Chard is a plant with outstanding nutritional and medicinal properties. Although we can find them all year round in the market, the best time to consume chard is in autumn and winter. Discover in this post its origins, curiosityes and nutritional properties.
Its history dates back to the mythical hanging gardens of Babylon and, more recently, there are testimonies of its consumption in ancient Greece. Its cultivation is traditional in the regions costYou were from Europe and North Africa, bathed by the Mediterranean Sea, and endowed with a temperate climate. in the Iberian Peninsula, the cultivation of this vegetable extends to most regions. Catalonia and Valencia stand out as the main communitiess production companies.
It is a herbaceous plant of the Chenopodiaceae family, made up of white stems, called stalks, and bright green leaves. The number of cultivated varieties is very small. Its classification is established based on color, the size of its leaves and stalks. The most well-known and appreciated varieties of chard are the Yellow of Lyon (the most commercialized) and the green with white stalk Bressane. Its best season and best time of consumption occurs in Octoberudder to April, although we can actually consume them throughout the year.

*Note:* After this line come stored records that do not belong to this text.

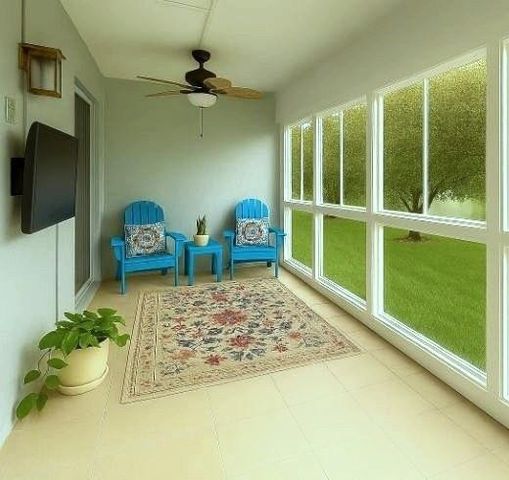 2202 Lucaya Bend L2, Coconut Creek, FL 33066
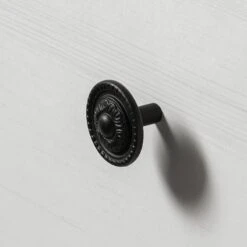 Vitrine Geestland 19 Vitrine Geestland -WOOOD Soldes regal geestland ii pinie weiss dekor 4535500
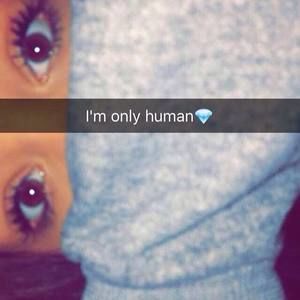 Meet your Posher, Aline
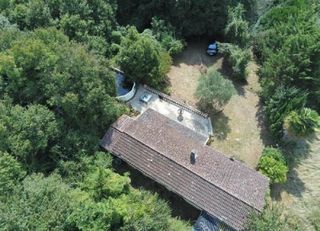  Maison � vendre 5 pi�ces 93 m�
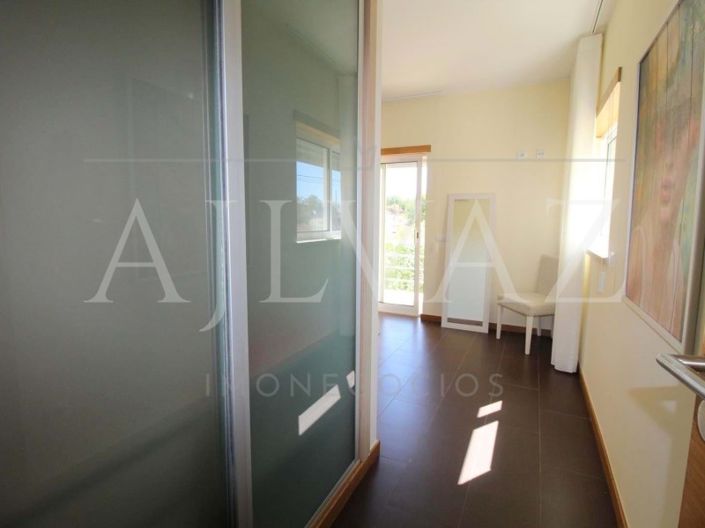 Image No.14-Maison de 3 chambres à vendre à Albufeira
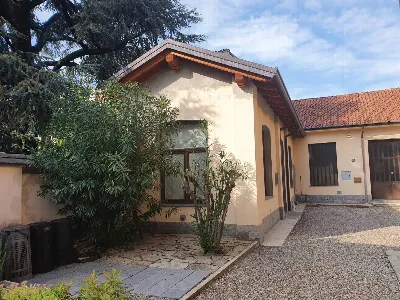 Ufficio in vendita a Bovisio-Masciago - foto 9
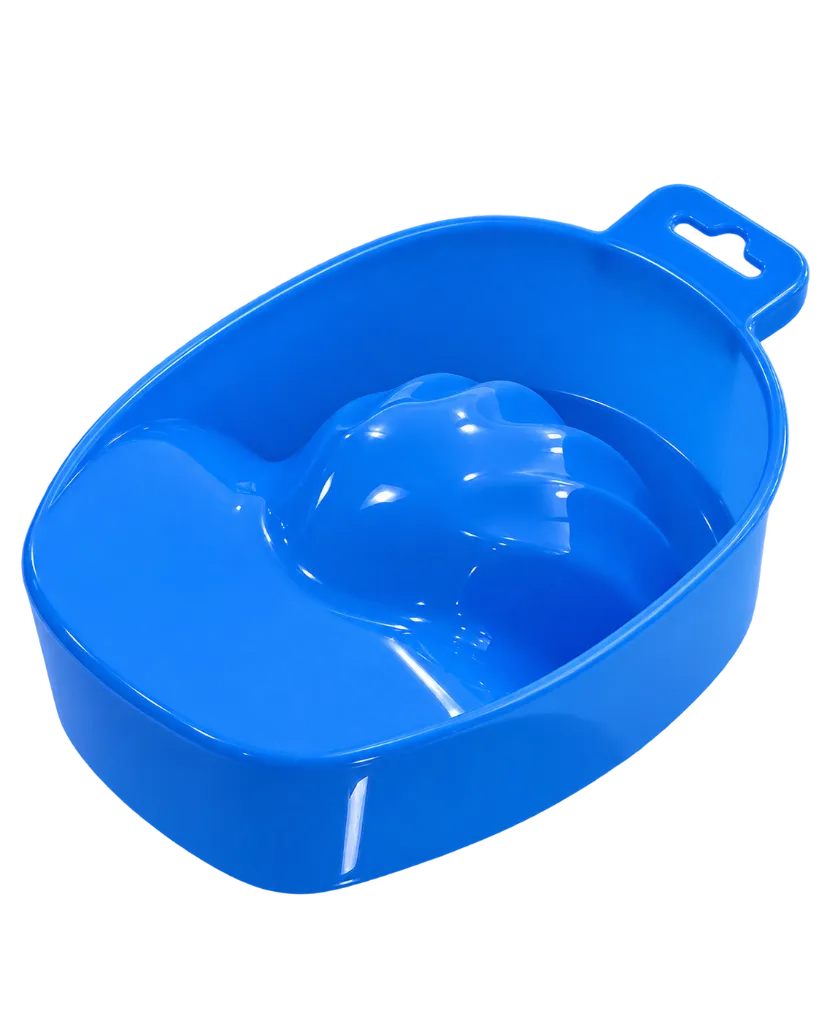 manicure bowl (2).webp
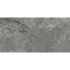 Керамогранит LB Ceramics Киплинг темно-серый 600х300х8,5 мм (8 шт.=1,44 кв.м)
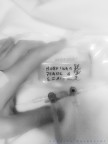 painless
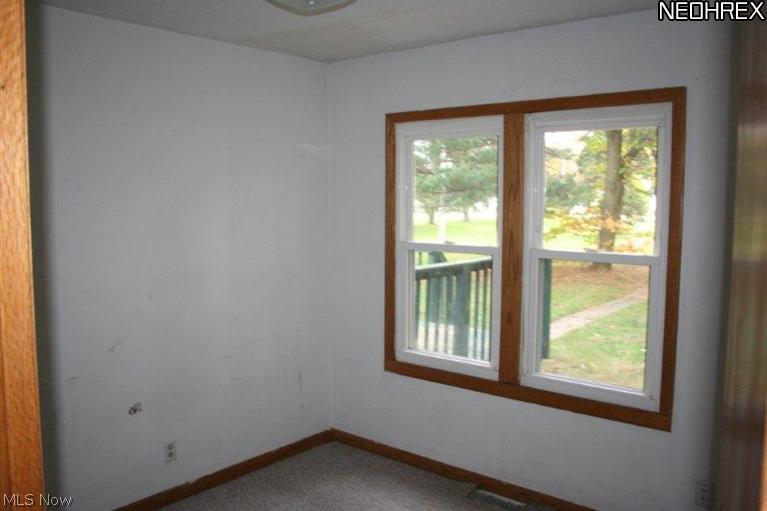 4246 Hayes Road Ravenna, OH 44266 - Photo 6 of 10 Gallery Image 6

Nutritional properties of chard
It is one of the healthiest and lightest vegetables. It is a food rich in vitamins, mineral salts and fiber. Its content in vitamins A, C and K. The first two with antioxidant action and the last one, a fat-soluble vitamin.It is essential for blood clotting. In terms of minerals, it is worth highlighting magnesium, which helps us maintain a healthy intestine, favors intestinal transit, strengthens bones and teeth and makes our muscles function.ar correctly. Its calcium content also stands out, for which chard should be a food to include regularly in the diet of the elderly, pregnant women, growing children and athletes. It is important to reRemember that people with a tendency to get calcium oxalate kidney stones should consume them in moderation. And finally, its excellent supply of fiber that favors intestinal transit, prevents constipation, regulates cholesterol and depura the intestine.
In the market
In the market you can find fresh chard in bunches all year round. Choose chard with fresh, tender and intact leaves. Its color must be uniform and its stalk hard. ANDIt is a very perishable vegetable, so it should be consumed in the shortest period of time. If we keep it in the fridge in a plastic bag we can extend its conservation for a few more days.
In the kitchen
Although they are usually consumed boiled, there are other ways to prepare them making them a little less monotonous and somewhat more palatable. They are vegetables suitable to include in soups and purees and they are also very good in guiYou are accompanying legumes such as beans or chickpeas. The young leaves can be eaten raw in a salad, thus taking advantage of all its nutritional properties.